Chicken Soba Noodle Salad
Oct 24, 2024SERVES: 2
SKILL: EASY
Ingredients
1 large chicken breast, skin off
150g dried soba noodles
1 tbsp peanut oil
1 cup red cabbage, finely shredded
1 carrot, grated
1/2 red capsicum, thinly sliced
50g snowpeas, thinly sliced
Sauce:
1 tbsp soy sauce
1 tsp sesame oil
1 tsp honey
1 garlic clove, crushed
Method:
1. Place chicken in a saucepan, cover with cold water. Bring to the boil over high heat. Reduce heat to low and simmer for 4 minutes or until almost cooked through.
2. While the chicken is cooking, in another saucepan place the noodles in a large saucepan of boiling water for 3 to 4 minutes or until tender.
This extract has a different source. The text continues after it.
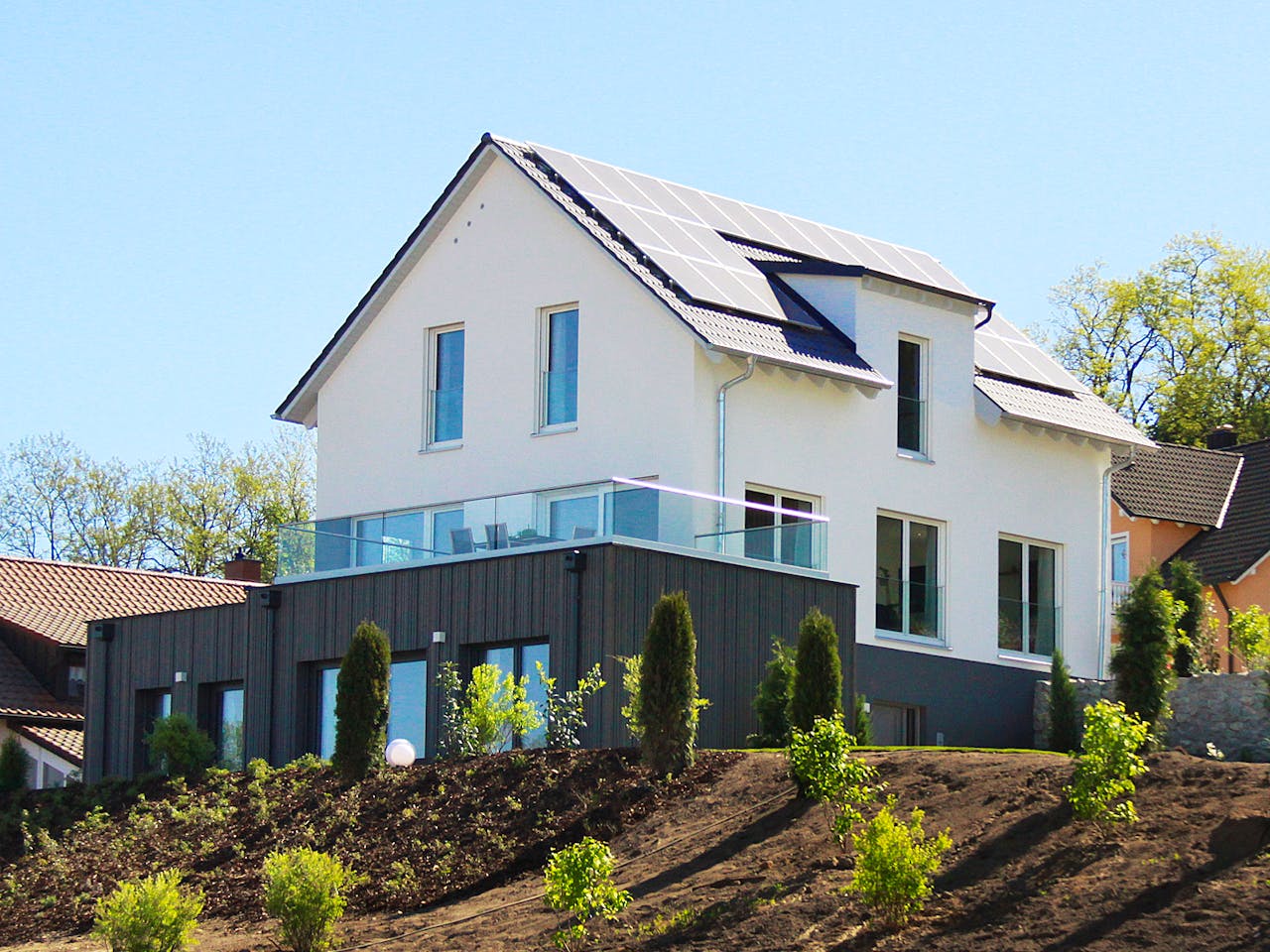 Fertighaus Musterhaus Seegarten von FischerHaus Schlüsselfertig ab 435784€, Satteldach-Klassiker Außenansicht 1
Drain. Transfer to a large bowl. Add oil. Toss to coat.
3. Remove the chicken from heat. Stand, covered, for 10 minutes. This ensures the chicken is completely cooked through.
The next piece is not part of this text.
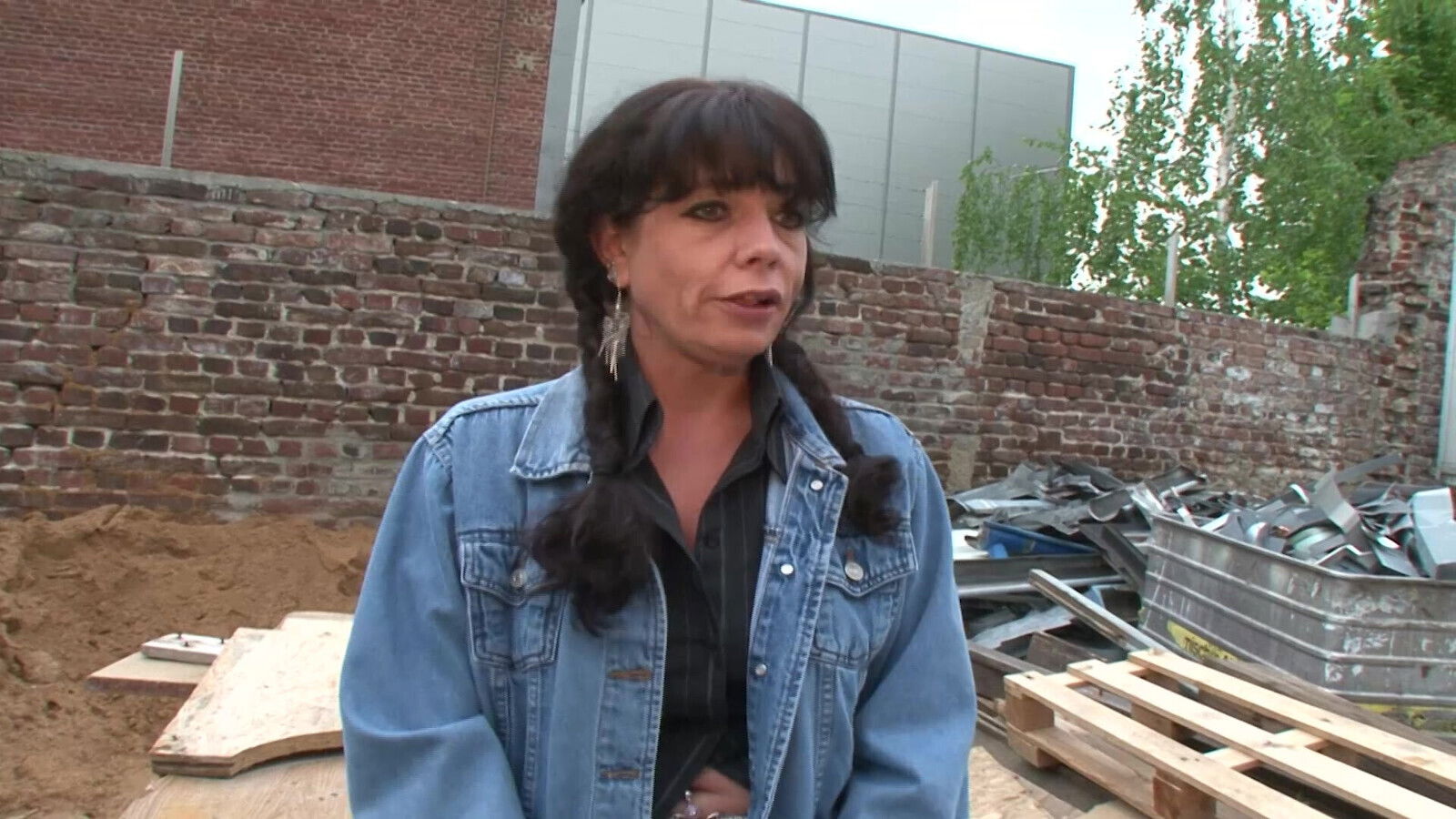 Pretty German cougar enjoys hot solo action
4. Add in your prepared vegetables into the bowls with the noodles.
5. Transfer chicken to a chopping board and shred, using two forks. Add chicken to the noodle and vegetables mix.
*Keep the cooking liquid for stock (freeze or store in the fridge in a jar for up to 2 days).
6. Place all the sauce ingredients into a small jar, put the lid and shake until combined. Pour over the noodle mix and gently toss until combined. Serve and enjoy!
NB: This salad is best kept as leftovers without the dressing, so store them separately in the fridge until ready to eat.